Despite what you might conclude from cultural sound bites, being gay isn’t only, or even primarily, about what people choose to do in bed…being gay colors everything about me, even though I’m celibate. It’s less a separable piece of my experience, like a shelf in my office (separate from other shelves)…and more like the proverbial drop of ink in a glass of water: not identical with the water, but also not entirely distinct from it either.


spiritual friendship, page 80




This is a huge topic amongst Christians trying to navigate this topic. Many teach that everyone should use the label “same-sex attracted” instead of “gay” because of the sin and sexual connotation that “gay” brings, particularly as an identifier (versus identity in Christ as a new creation). There are good points to be made with that argument and it’s not my intent to refute that teaching here. What I want to do is bring up one of the sticking points in this debate, and that is the inability of heterosexual Christians to understand how being gay colors everything about a gay person, not simply their sexual actions. (And how could we? We aren’t gay. We think that since our heterosexual attraction is like one shelf on our wall, separate from the other shelves of our life, it is this way for gay/SSA people as well. But once you start talking to gay people, you discover this is not the case for many, if not most of them.) And if the sexual actions are what God calls sinful, then many Christians with same-sex attraction still choose to use the identifier of “gay” as Wesley shows here, as it allows them to simply be themselves, but not be in sin. This is a huge topic with more branches than I have room here to write on here, including our fallen nature and sinful desires, different from willful or actual sin, which we’ll get into another time! But we need to chew on and consider both sides of this question. I’m looking forward to hearing Wesley’s perspective here.





I will conclude this post with words Wesley uses to conclude his chapter and words he spoke to Conor:






Perhaps, in the end, that determination to make the best of a complex, fraught set of circumstances is where those of us who are Christian, gay, and committed to celibacy all find ourselves, sooner or later.

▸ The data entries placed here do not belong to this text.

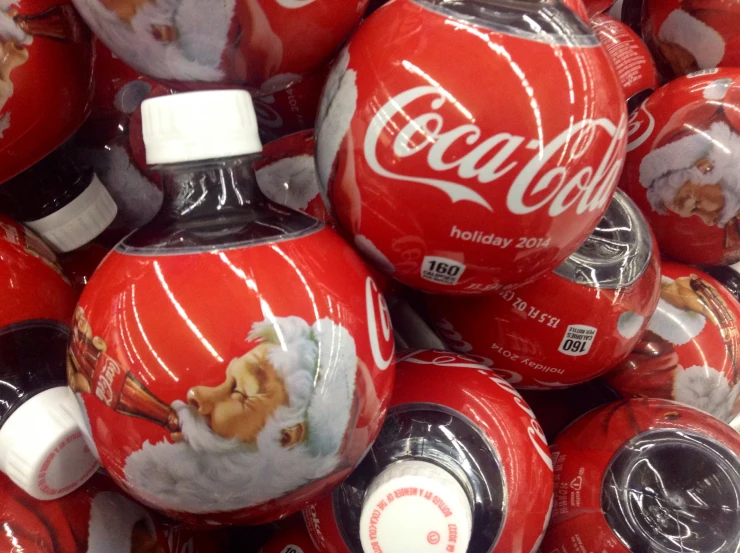 coca - cola's christmas balls are piled high in a heap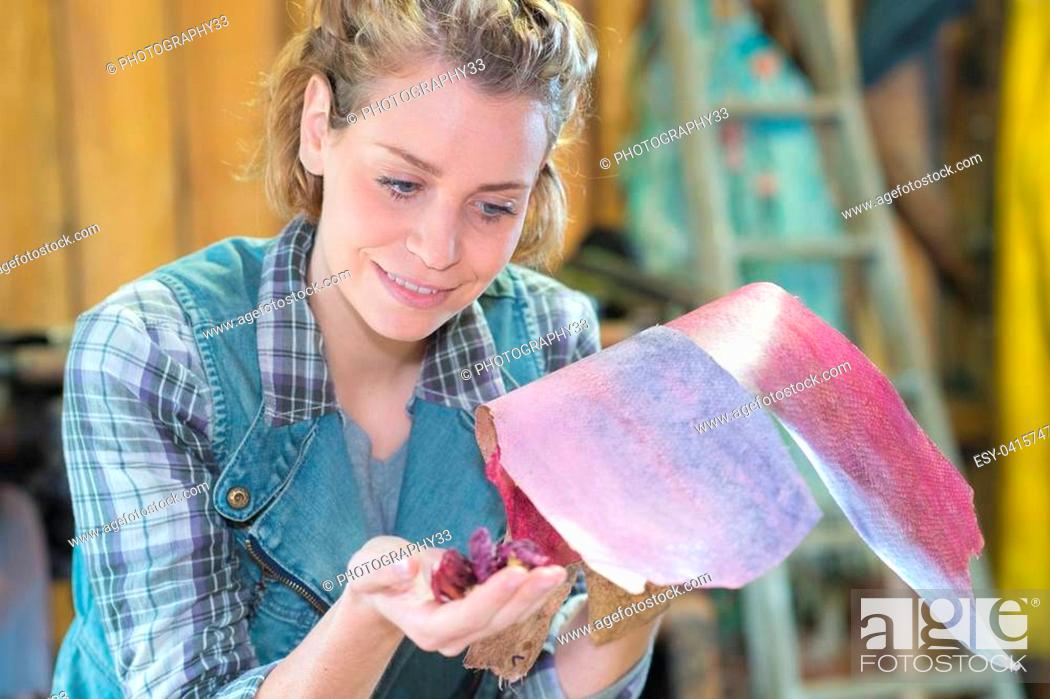 Stock Photo: confident female carpenter in workshop.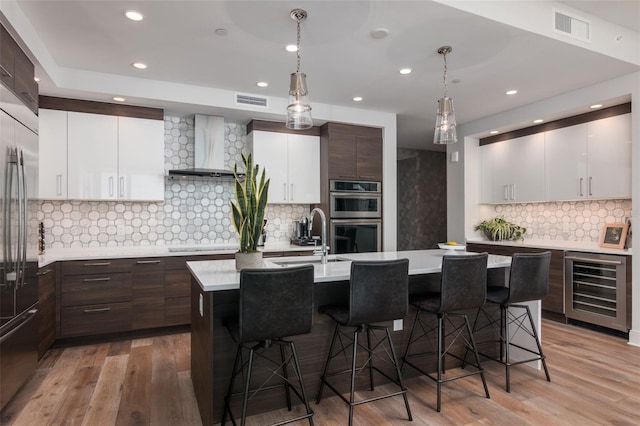 kitchen featuring an island with sink, tasteful backsplash, and light hardwood / wood-style flooring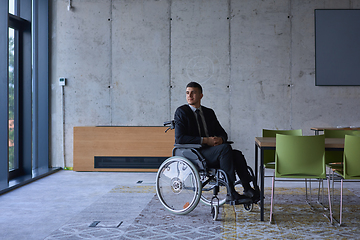 Image showing Businessman in a wheelchair in a modern office lonely after a busy day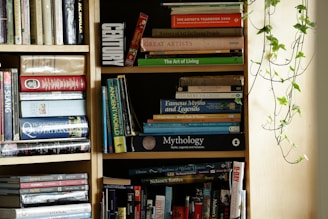 A well-organized bookshelf filled with a variety of books, including art books, mythology, and history. The books are aligned on wooden shelves, with some stacked horizontally. A green vine plant decorates the right side of the shelf, adding a natural element to the setting.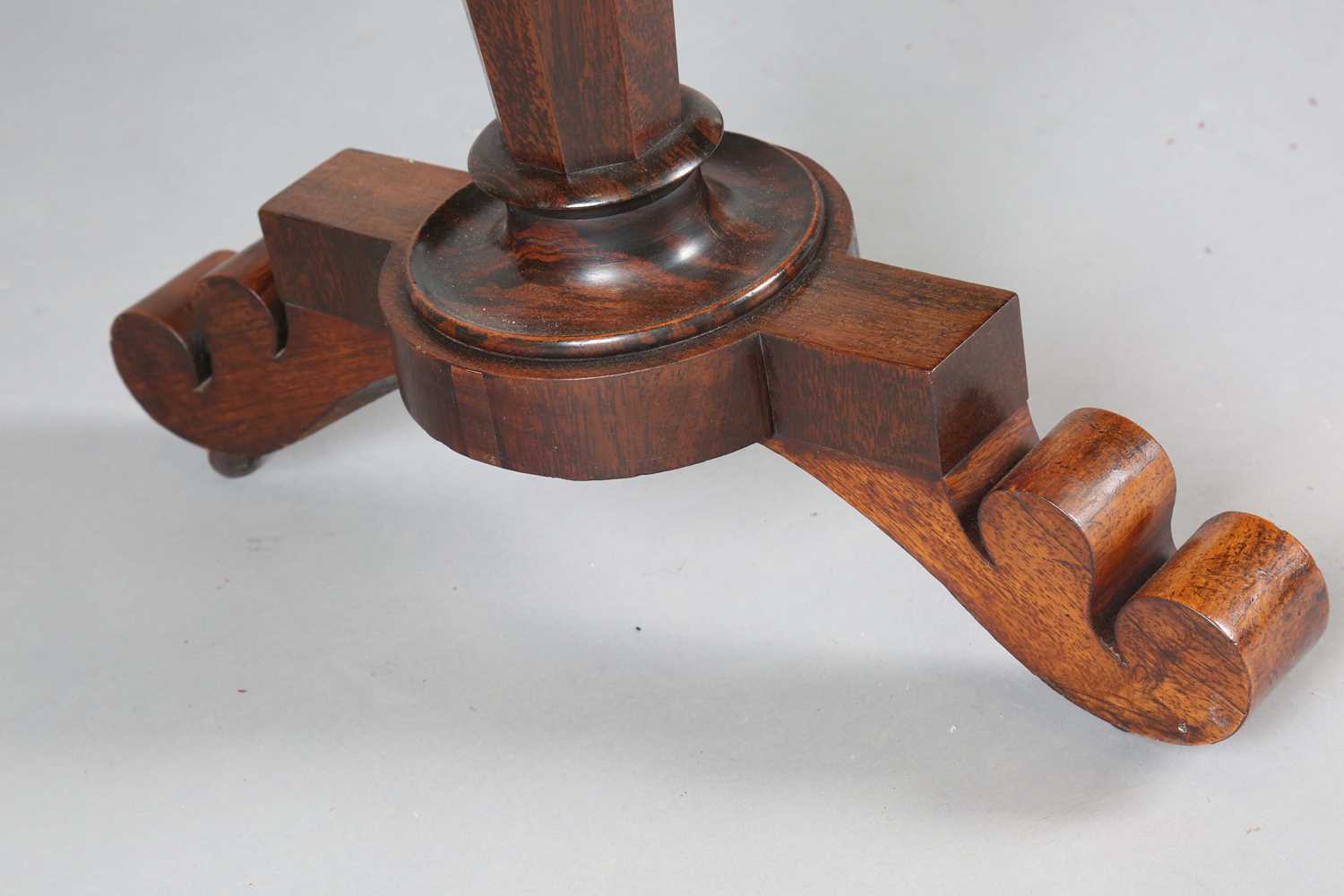 An early Victorian rosewood oval library table, fitted with opposing drawers, on octagonal - Image 5 of 10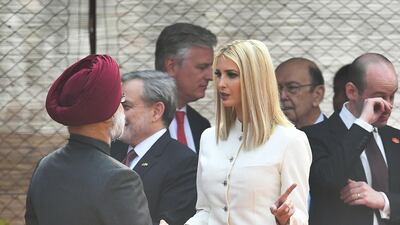 White House senior advisor Ivanka Trump in a classic white silk jacket by Mumbai-based, vegan and environmentalist designer Anita Dongre. AFP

Spiritual friendship, page 84




Wesley is trying to make the best of the situation he was given, and trying to help others make the best of theirs as well. The waters are murkier than we’d like, but I hope you and I are helping gay / SSA brothers and sisters make the best of it too.





(You can read Part 1 of this series on chapters 1 & 2 of Spiritual Friendship here)






The post Another Path for Gay / SSA Christians: Friendships that Go Deeper than Family or Romance appeared first on by Noah Filipiak.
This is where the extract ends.